• YOUR INSTRUCTIONS:
I'd like every entry transcribed word for word, with no pictures.

• INPUT MATERIAL:
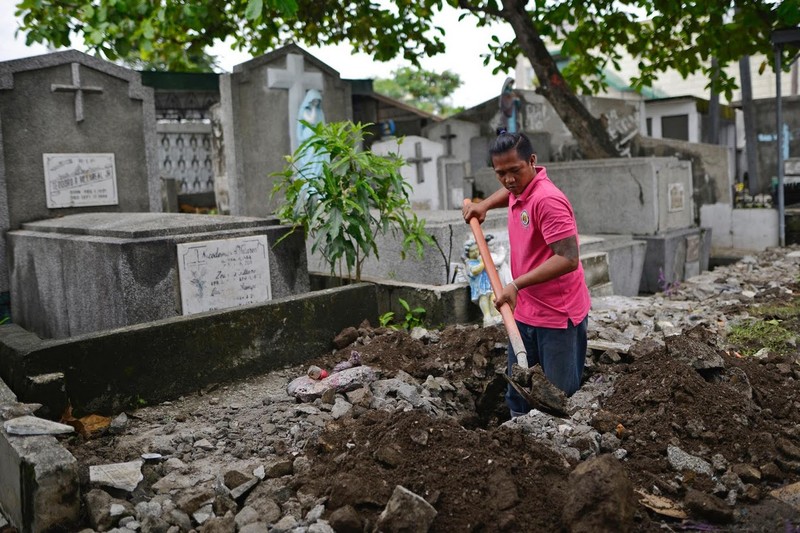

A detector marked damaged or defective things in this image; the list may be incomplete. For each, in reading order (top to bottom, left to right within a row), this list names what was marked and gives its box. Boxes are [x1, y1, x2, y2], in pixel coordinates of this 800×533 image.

broken concrete chunk [4, 414, 74, 434]
broken concrete chunk [90, 460, 145, 492]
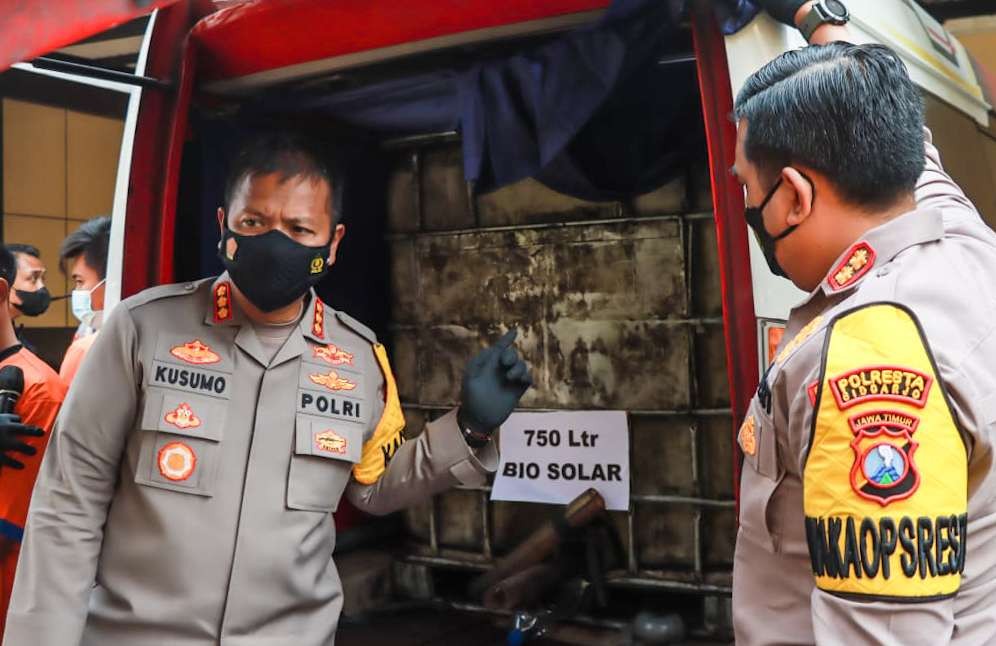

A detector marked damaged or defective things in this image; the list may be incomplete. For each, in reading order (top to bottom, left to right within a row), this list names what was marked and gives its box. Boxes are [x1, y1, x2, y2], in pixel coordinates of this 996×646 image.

rusty metal surface [386, 139, 736, 616]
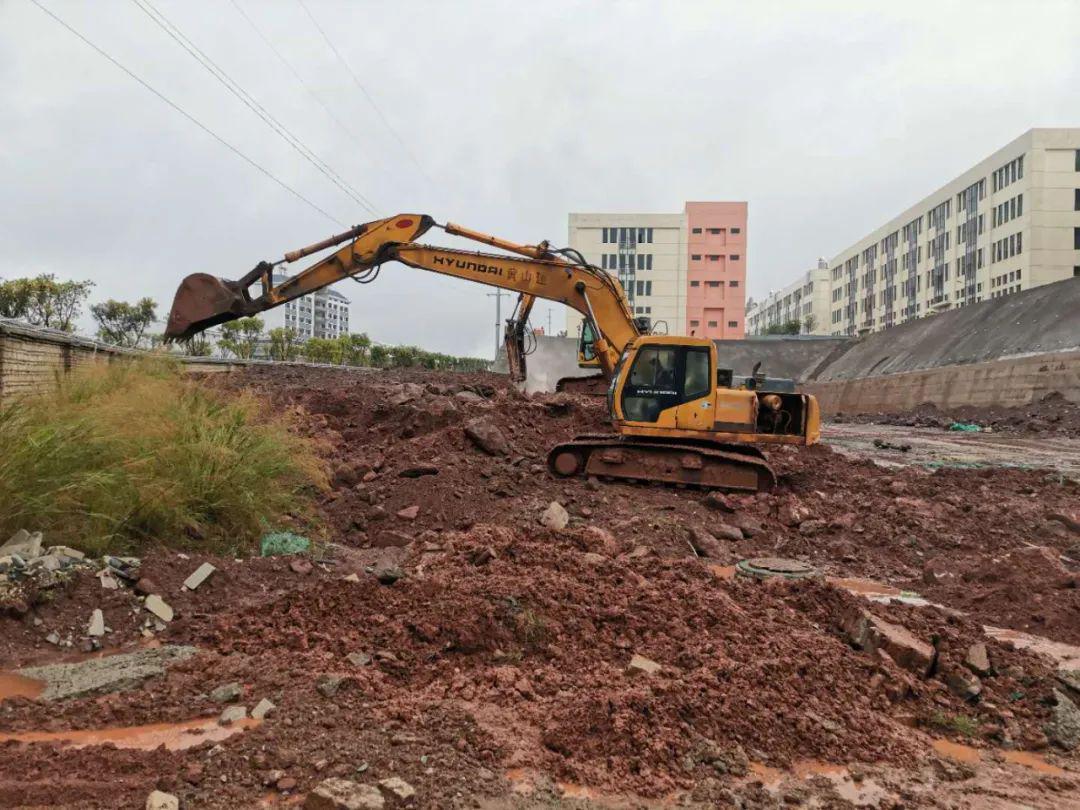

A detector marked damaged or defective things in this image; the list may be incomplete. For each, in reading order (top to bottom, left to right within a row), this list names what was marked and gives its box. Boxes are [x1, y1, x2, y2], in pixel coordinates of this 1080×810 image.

broken concrete slab [182, 561, 216, 591]
broken concrete slab [144, 596, 173, 626]
broken concrete slab [16, 643, 198, 699]
broken concrete slab [304, 781, 384, 810]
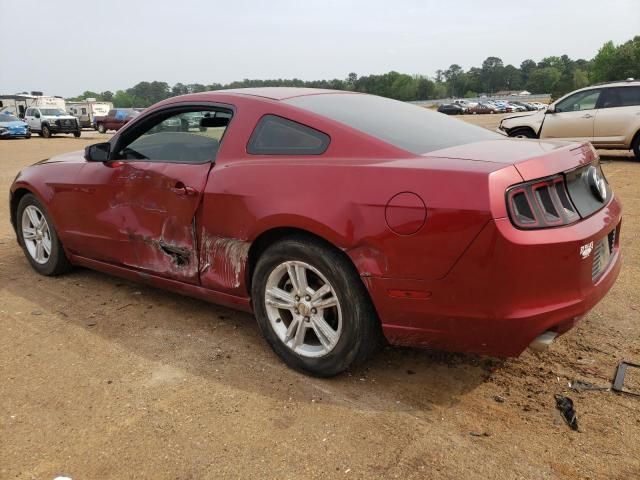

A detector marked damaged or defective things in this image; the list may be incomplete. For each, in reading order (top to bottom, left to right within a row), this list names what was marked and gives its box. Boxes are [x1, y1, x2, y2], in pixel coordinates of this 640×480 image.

damaged red car [7, 88, 624, 376]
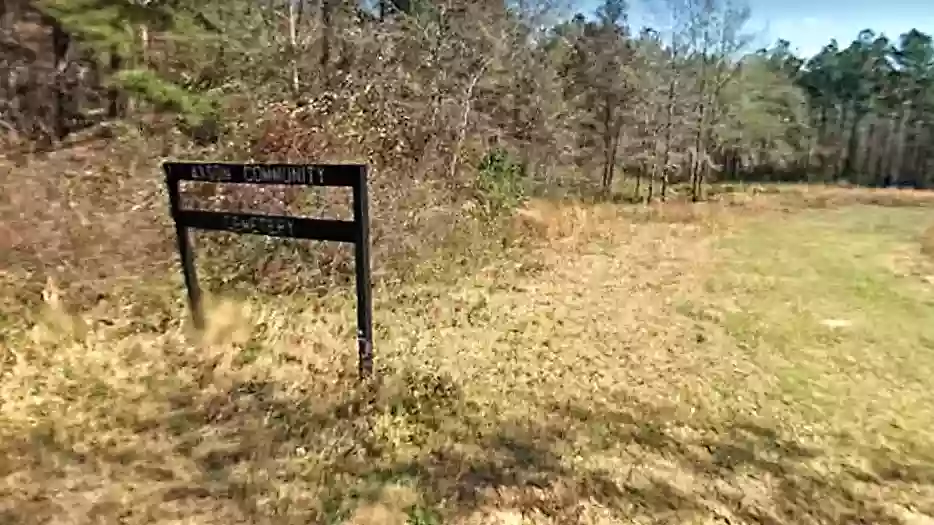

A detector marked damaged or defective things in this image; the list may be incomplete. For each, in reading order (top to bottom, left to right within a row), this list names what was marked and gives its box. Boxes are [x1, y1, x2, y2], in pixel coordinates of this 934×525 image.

rusted sign frame [163, 161, 374, 376]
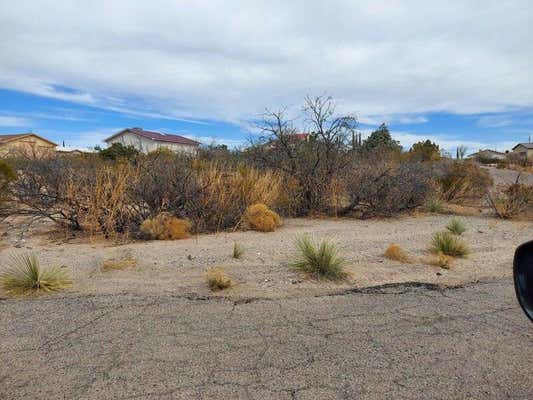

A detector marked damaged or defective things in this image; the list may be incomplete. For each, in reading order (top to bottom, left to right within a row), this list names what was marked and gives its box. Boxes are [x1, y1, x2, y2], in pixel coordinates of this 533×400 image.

cracked asphalt [0, 280, 528, 398]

• ANSWER SECTION:
A detector marked damaged or defective things in this image; the list may be incomplete. For each, in reading order (top to bottom, left to right within a row), this list names what was marked and gives its box. Boxes are [x1, y1, x2, y2], in pixel coordinates of this 800×533 image.

broken concrete chunk [4, 414, 74, 434]
broken concrete chunk [90, 460, 145, 492]

A detector marked damaged or defective things in this image; the list may be incomplete. For each, in reading order (top to bottom, left to right within a row), this list names what was marked and gives its box. Boxes are [x1, y1, x2, y2], in pixel coordinates of this 996×646 image.

rusty metal surface [386, 139, 736, 616]

A detector marked damaged or defective things in this image; the list may be incomplete. For each, in reading order (top to bottom, left to right within a row), this list names what was marked and gives its box. Boxes are [x1, y1, x2, y2], in pixel coordinates of this 1080×810 image.

broken concrete slab [182, 561, 216, 591]
broken concrete slab [144, 596, 173, 626]
broken concrete slab [16, 643, 198, 699]
broken concrete slab [304, 781, 384, 810]

A detector marked damaged or defective things in this image; the list may be incomplete. For each, in reading order (top to bottom, left to right within a row), this list names what was marked and gives its box. Boxes are [x1, y1, x2, y2], in pixel coordinates of this 640×480 image.

damaged red car [7, 88, 624, 376]

A detector marked damaged or defective things in this image; the list may be incomplete. For each, in reading order (top to bottom, left to right within a row), this list names what was marked and gives its box. Boxes are [x1, y1, x2, y2], in pixel coordinates of this 934×525 image.

rusted sign frame [163, 161, 374, 376]

A detector marked damaged or defective things in this image; the list may be incomplete. For each, in reading order (top to bottom, left to right within a row), this list names what was marked and gives its box. Boxes are [x1, y1, x2, y2], in pixel coordinates of this 533×400 image.

cracked asphalt [0, 280, 528, 398]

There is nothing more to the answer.